Will Sturm, Ruger & Company have a good Q4?
Sturm, Ruger & Company (Public, NYSE:RGR), who primarily designs, manufactures
and sells firearms to domestic consumers in the US, could be a prime target for your portfolio. The reason? Since the November elections, gun sales are up a massive 100-200%. Weapons dealers in much of the United States are reporting sharply higher sales since Barack Obama won the presidency a week ago.
Buyers and sellers say the surge is because of worries that Obama and a Democratic-controlled Congress will move to restrict firearm ownership, despite the insistence of campaign aides that the president-elect supports gun rights and considers the issue a low priority.
What it boils down to is gun owners are freaking out. And you, fellow Stockmasters, need to cash in on the panic.

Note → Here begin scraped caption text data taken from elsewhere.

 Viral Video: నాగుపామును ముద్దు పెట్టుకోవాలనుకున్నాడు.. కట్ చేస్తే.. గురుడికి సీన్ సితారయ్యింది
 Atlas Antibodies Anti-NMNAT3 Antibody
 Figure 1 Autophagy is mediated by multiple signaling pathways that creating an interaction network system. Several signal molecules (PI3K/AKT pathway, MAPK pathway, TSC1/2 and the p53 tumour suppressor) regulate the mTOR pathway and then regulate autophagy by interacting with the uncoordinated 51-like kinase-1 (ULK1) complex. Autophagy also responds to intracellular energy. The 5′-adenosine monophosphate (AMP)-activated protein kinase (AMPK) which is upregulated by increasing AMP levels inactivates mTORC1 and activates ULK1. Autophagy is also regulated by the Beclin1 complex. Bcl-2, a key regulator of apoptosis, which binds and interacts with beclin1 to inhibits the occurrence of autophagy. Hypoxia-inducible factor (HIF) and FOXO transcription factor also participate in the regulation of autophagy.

"What people do is their own business, and if they decide to go out and buy guns they'll go out and buy guns, assuming that they are eligible to buy guns," John Podesta, the co-chairman of Obama's transition team, told reporters Sunday. "But I think that President-elect Obama has been clear in his campaign that what he wants to focus on is the economy, trying to get jobs growing again, dealing with the health care crisis, and dealing with our dependence on foreign oil."

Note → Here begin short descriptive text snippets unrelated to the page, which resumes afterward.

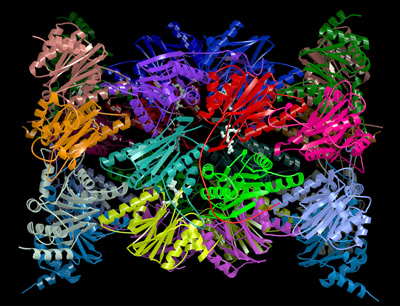 Proteasen zerkleinern Proteine durch einfache Hydrolyse, doch so einfach bleibt es ni …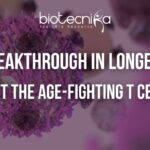 Illustration of immune cells and T helper cells supporting longevity and healthy aging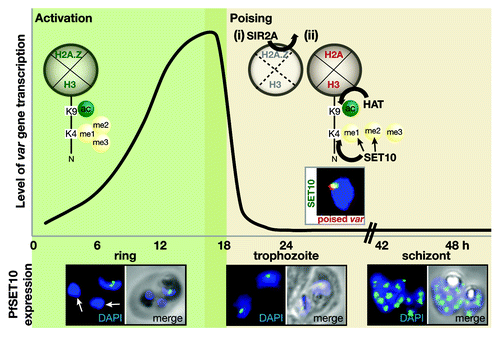 Figure 1. A proposed model of PfSET10 regulation of the active var gene in a perinuclear compartment in Plasmodium falciparum (see text for details).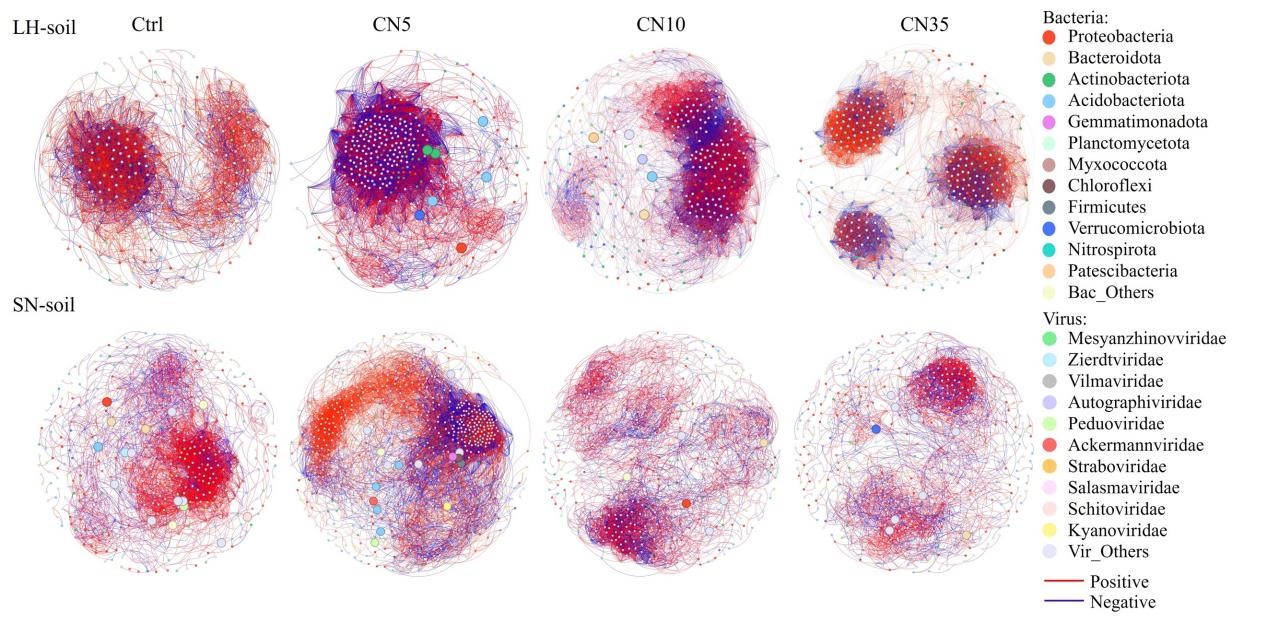 Soil Viruses Regulate Carbon Cycling Based on Carbon-to-Nitrogen Ratio in Soil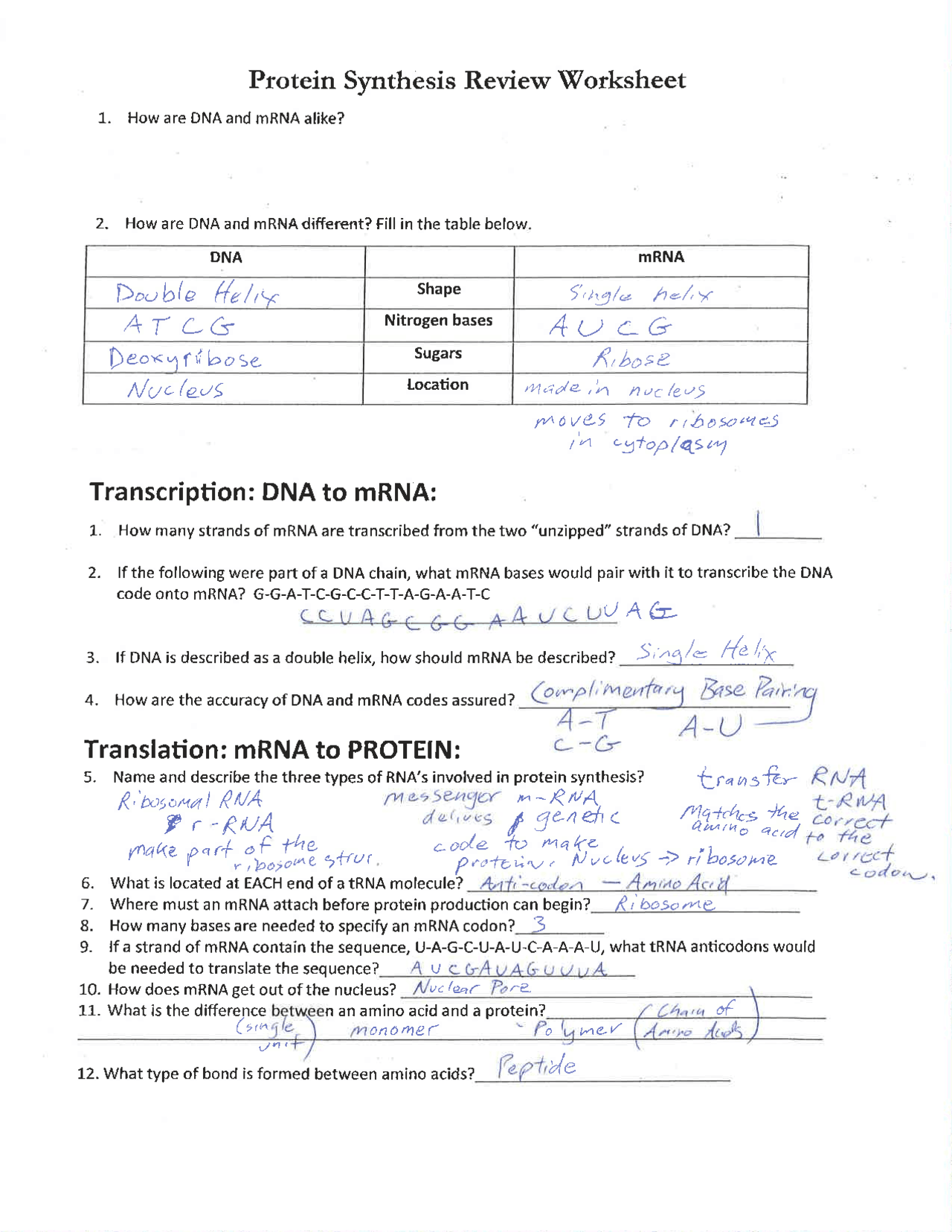protein synthesis worksheet answers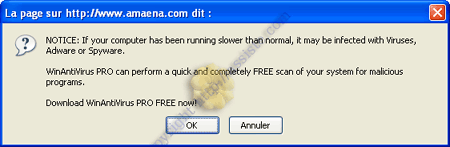 Crapware - Ransomware - Rogue antispyware - Rogue antivirus - Rackett - Rançonnage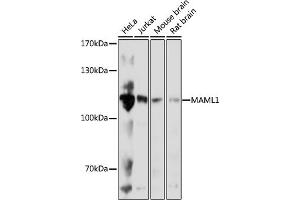 Western blot analysis of extracts of various cell lines, using M antibody (ABIN7268409) at 1:1000 dilution. (MAML1 antibody  (AA 1-300))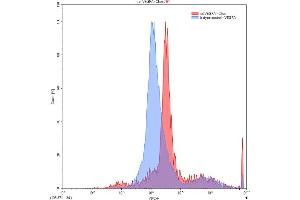 Detection of VEGFA in Chos line transfected with target gene using Polyclonal Antibody to Vascular Endothelial Growth Factor A (VEGFA)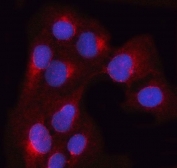 Immunofluorescent staining of FFPE human U-2 OS cells with OSTF1 antibody (red) and DAPI nuclear stain (blue). HIER: steam section in pH6 citrate buffer for 20 min.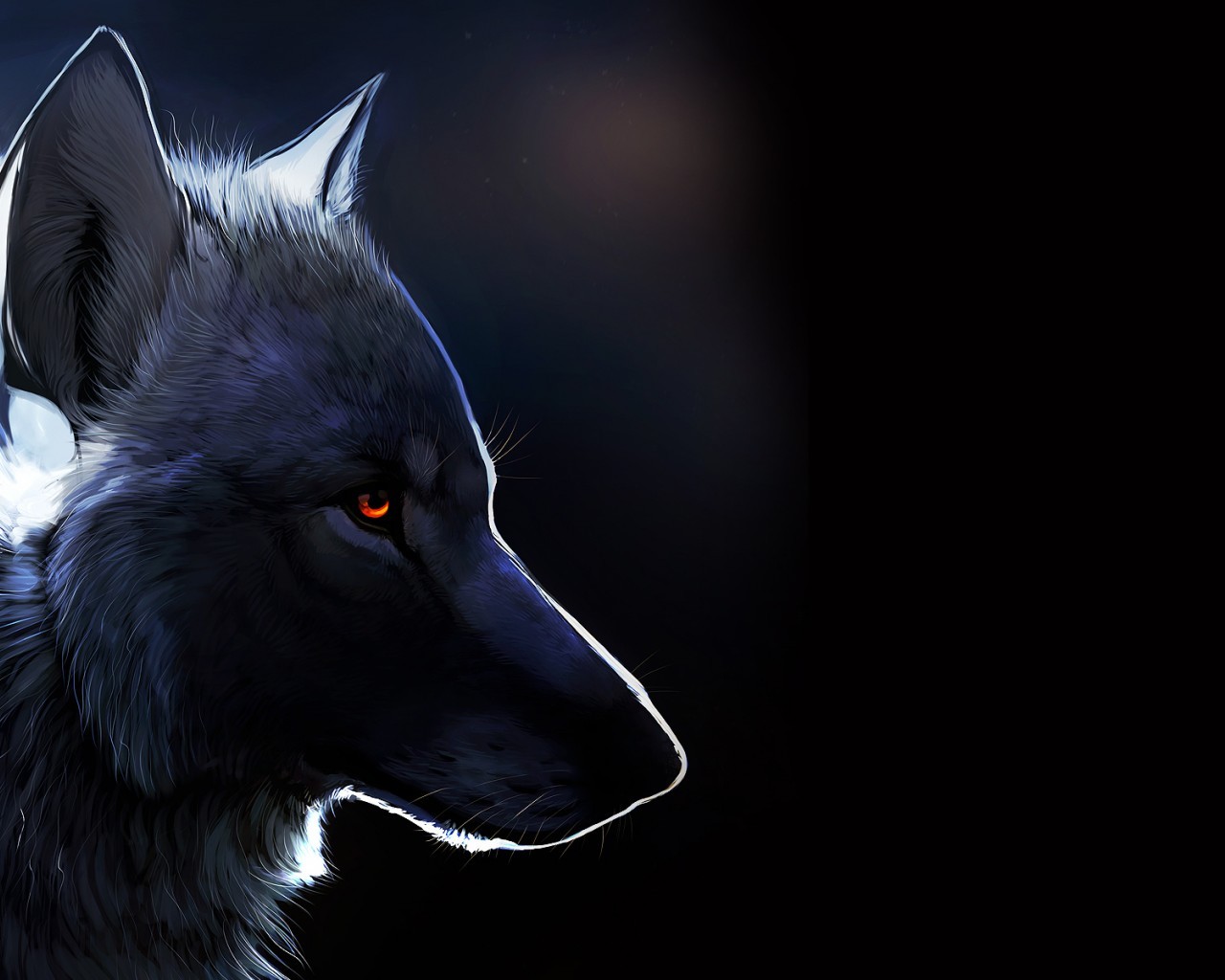 20193 descargar fondo de pantalla lobos, imágenes, animales, negro: protectores de pantalla e imágenes gratis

Just take a look at this Google News Search:
http://news.google.com/news?hl=en&tab=wn&ned=us&q=gun+sales+up&ie=UTF-8&nolr=1&sa=N&start=10
This isn’t just Middle America here -- thousands of news sources are reporting all over the country that Gun Sales are spiking.
Ruger Shares have fallen from a high of $20 in 2007 down to $5.55 a share today. Another reason I like Ruger is their stock repurchase program. They recently repurchased 1.1 Million shares of its common stock, and still have $22 million in cash left over and no debt.
The downside of Ruger is that gun sales aren’t going to stay this high forever. The panic will subside at some point, and people will realize that the Obama administration isn’t going to ban sales of handguns. In spite of that, there is an opportunity to make money on Q4 earnings. As we get closer to the earnings report in Q1, shares should begin to rise in preperation. Whether or not shares stay high is questionable though, so this may be a quick in-and-out play.